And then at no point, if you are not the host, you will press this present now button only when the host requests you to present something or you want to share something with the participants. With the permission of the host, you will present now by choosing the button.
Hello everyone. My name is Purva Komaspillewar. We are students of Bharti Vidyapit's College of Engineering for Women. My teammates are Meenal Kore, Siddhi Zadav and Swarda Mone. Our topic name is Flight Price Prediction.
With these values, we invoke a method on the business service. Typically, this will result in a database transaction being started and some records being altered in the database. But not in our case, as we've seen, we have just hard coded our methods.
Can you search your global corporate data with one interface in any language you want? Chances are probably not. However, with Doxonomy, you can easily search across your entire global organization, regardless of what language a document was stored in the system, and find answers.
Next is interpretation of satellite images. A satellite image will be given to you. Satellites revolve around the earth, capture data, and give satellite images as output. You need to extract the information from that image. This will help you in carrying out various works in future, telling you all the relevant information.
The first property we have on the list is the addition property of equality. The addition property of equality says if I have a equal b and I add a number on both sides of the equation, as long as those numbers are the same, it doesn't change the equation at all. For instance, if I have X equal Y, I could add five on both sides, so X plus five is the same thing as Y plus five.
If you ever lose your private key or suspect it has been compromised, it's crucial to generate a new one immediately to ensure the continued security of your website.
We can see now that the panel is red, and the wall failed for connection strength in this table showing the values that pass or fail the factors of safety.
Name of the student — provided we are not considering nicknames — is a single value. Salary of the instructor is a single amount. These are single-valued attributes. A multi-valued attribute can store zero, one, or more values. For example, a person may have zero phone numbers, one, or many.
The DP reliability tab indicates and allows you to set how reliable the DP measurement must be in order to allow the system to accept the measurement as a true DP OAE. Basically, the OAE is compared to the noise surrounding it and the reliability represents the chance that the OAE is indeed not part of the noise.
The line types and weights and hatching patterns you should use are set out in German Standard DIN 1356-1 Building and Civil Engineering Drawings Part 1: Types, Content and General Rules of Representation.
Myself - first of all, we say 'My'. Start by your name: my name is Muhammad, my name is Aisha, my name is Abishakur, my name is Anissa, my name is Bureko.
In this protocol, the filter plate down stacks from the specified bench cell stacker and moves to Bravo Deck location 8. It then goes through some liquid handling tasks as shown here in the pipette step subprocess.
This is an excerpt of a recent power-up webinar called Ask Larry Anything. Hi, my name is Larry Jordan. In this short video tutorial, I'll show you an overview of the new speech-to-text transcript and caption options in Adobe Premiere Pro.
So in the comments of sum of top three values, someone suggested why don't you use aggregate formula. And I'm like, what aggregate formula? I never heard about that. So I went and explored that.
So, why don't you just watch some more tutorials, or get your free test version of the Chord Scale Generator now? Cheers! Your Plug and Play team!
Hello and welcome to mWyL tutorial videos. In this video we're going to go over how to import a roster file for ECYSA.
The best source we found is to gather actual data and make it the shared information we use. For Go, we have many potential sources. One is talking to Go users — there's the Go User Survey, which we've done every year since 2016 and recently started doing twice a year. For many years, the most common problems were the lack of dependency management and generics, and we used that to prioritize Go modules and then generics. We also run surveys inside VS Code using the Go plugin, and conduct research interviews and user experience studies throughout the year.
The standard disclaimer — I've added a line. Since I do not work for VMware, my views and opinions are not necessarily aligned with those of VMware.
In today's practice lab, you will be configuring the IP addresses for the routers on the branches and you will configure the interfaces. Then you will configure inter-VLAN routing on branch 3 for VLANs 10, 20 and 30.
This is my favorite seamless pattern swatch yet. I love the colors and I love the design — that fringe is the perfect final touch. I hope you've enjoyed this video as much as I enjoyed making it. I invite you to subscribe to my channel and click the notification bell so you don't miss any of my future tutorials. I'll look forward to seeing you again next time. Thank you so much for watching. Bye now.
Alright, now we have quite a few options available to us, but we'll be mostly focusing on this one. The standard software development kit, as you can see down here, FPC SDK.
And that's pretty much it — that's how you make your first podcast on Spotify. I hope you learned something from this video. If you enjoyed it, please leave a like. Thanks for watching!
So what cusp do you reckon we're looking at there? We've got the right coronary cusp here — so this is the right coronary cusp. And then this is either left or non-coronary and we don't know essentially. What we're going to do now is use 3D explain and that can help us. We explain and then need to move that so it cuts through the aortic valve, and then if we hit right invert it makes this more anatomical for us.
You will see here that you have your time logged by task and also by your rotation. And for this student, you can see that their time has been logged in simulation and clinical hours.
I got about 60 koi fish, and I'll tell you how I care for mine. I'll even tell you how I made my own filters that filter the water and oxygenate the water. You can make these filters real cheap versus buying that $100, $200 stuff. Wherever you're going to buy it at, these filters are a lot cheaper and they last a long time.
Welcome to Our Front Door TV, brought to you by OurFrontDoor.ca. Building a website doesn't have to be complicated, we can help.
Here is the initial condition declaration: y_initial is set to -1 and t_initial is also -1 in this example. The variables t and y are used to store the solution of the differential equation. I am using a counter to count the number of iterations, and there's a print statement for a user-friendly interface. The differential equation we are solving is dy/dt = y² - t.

## Work task
Reproduce only those lines of the entries above that run from the line with "Welcome to Our" to the final line.

## Task solution
Welcome to Our Front Door TV, brought to you by OurFrontDoor.ca. Building a website doesn't have to be complicated, we can help.
Here is the initial condition declaration: y_initial is set to -1 and t_initial is also -1 in this example. The variables t and y are used to store the solution of the differential equation. I am using a counter to count the number of iterations, and there's a print statement for a user-friendly interface. The differential equation we are solving is dy/dt = y² - t.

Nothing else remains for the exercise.